问题
I'm trying to implement the strategy described in an answer to How do I vectorize data_i16[0 to 15]? Code below. The spot I'd like to fix is the for(int i=0; i<ALIGN; i++)
loop
I'm new to SIMD. From what I can tell I'd load the high/low nibble table by writing
const auto HI_TBL = _mm_load_si128((__m128i*)HighNibble)
const auto LO_TBL = _mm_load_si128((__m128i*)LowNibble)
My problem is the >>4
and tbl[index]
.
It seems like I can't do a shift on bytes (_mm_srai_epi16) so I need to convert everything to 16bits. Ok fine I can use two unpacks (_mm_unpacklo_epi8/_mm_unpackhi_epi8) with zeroes as the second param and I'll have two sets of variables to shift. However, the shuffle seems to be only available for 8bits (_mm_shuffle_epi8) AND it shuffles only 8bits while I need 16.

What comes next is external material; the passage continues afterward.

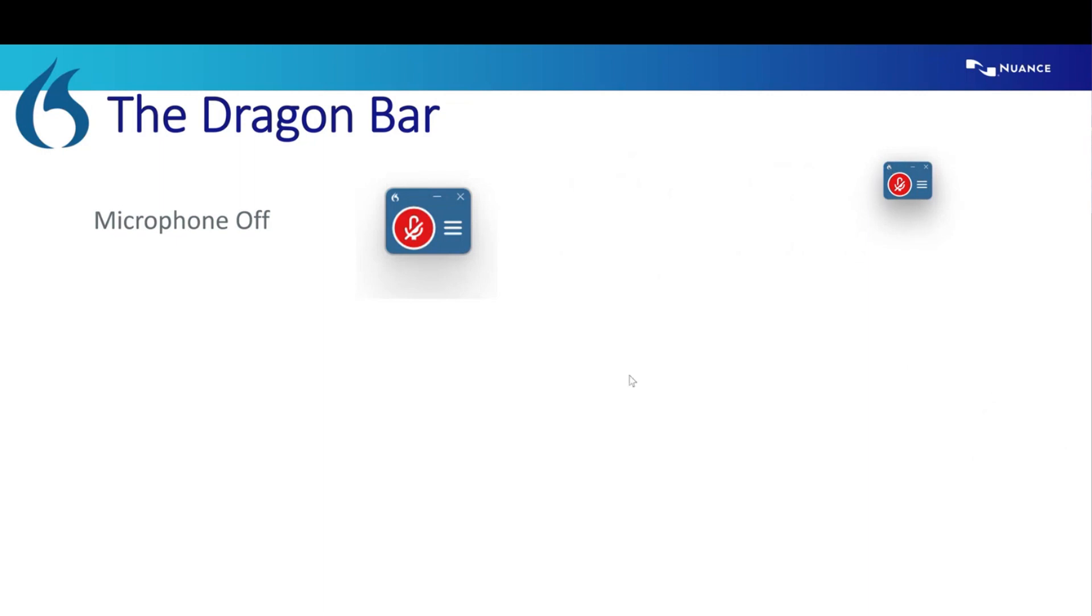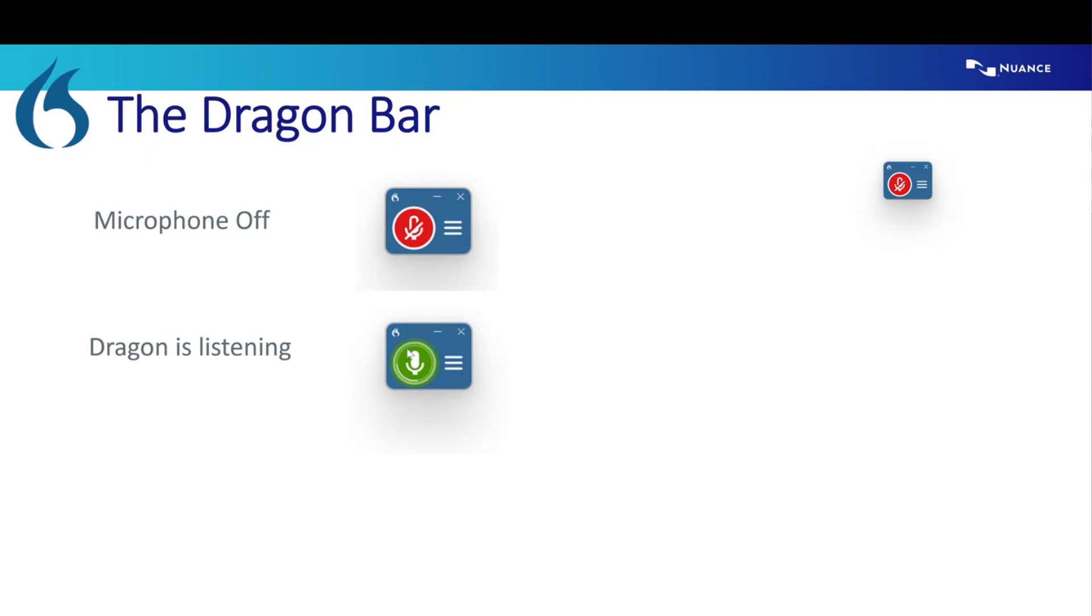And the reason that we want to be able to see the Dragon Bar is just so that we know whether or not Dragon is listening. So once Dragon is in a recording state, you'll see this little icon turn green. And that just means that Dragon's listening and is trying to transcribe everything that you're saying.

As you can see I'll need to do a lot of instructions so I get the feeling I'm doing this wrong. I'm also unsure how to go from 16bits (after I right shift by 4) to 8. Maybe I missed it but is there a 128bit rotate right? Then I could skip the unpack. (using vectorOf15=_mm_broadcastb_epi8(15) and _mm_and_si128(rotateResult, vectorOf15)?)
Heres a non vectorized demo below
#include <stdio.h>
#include <string.h>
typedef unsigned char u8;
typedef unsigned short u16;
typedef signed char s8;
typedef signed short s16;
#define ALIGN 16
#define ALIGN_ATTR __attribute__ ((aligned(ALIGN)))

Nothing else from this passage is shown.